→ What to do: Exactly as they appear below, repeat the lines from the one with "Masterchef Mom Lucky Bamboo Planter" through the one with "Greenwich Kedi ve". Drop every picture.
(Information)
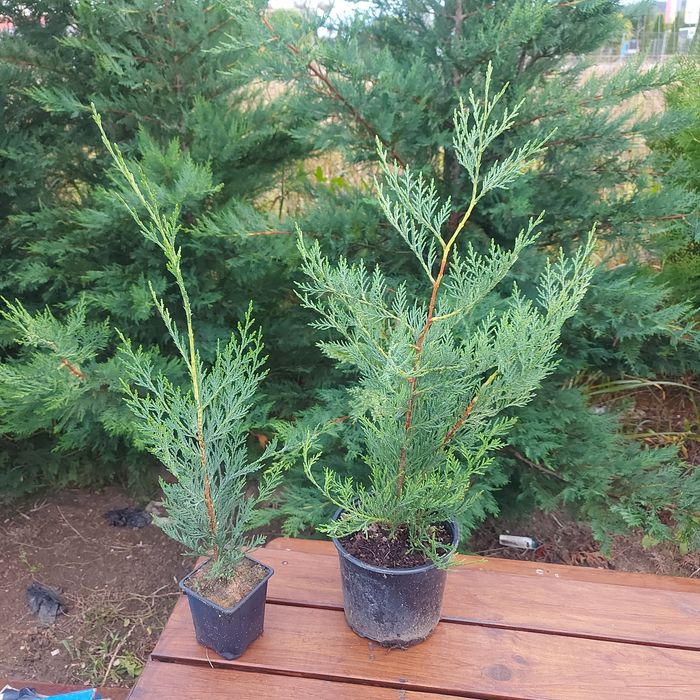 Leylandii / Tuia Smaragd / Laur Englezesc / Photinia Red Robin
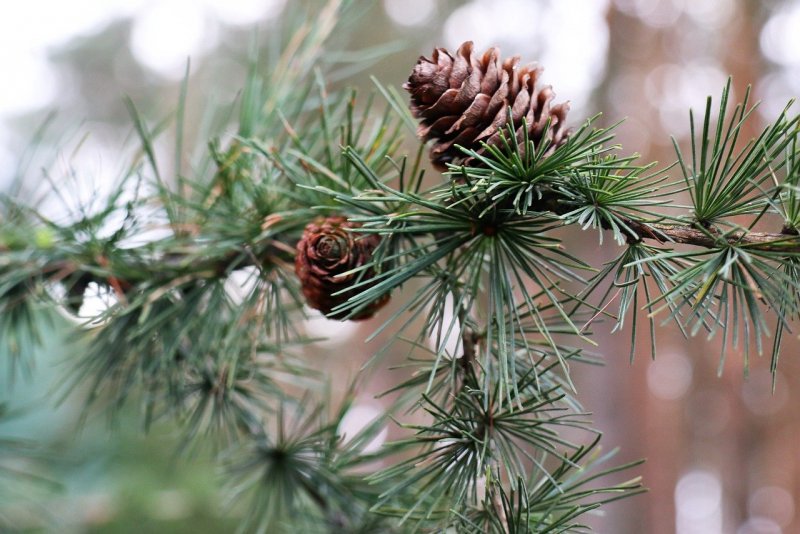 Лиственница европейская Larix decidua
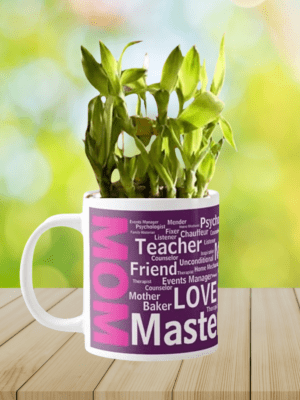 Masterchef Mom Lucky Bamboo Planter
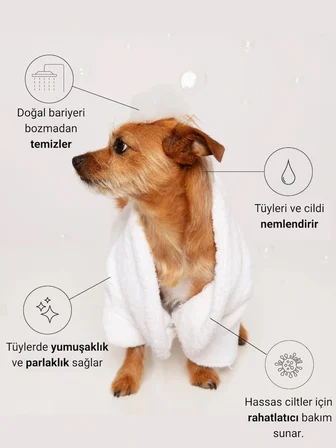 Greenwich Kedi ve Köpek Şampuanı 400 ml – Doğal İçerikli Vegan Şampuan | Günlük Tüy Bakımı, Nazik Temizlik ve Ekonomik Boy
(End Information)
(Information)
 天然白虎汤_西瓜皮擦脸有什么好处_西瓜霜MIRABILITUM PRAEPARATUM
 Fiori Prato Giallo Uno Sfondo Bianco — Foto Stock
(End Information)
→ Output for this exercise:
 Masterchef Mom Lucky Bamboo Planter
 Greenwich Kedi ve Köpek Şampuanı 400 ml – Doğal İçerikli Vegan Şampuan | Günlük Tüy Bakımı, Nazik Temizlik ve Ekonomik Boy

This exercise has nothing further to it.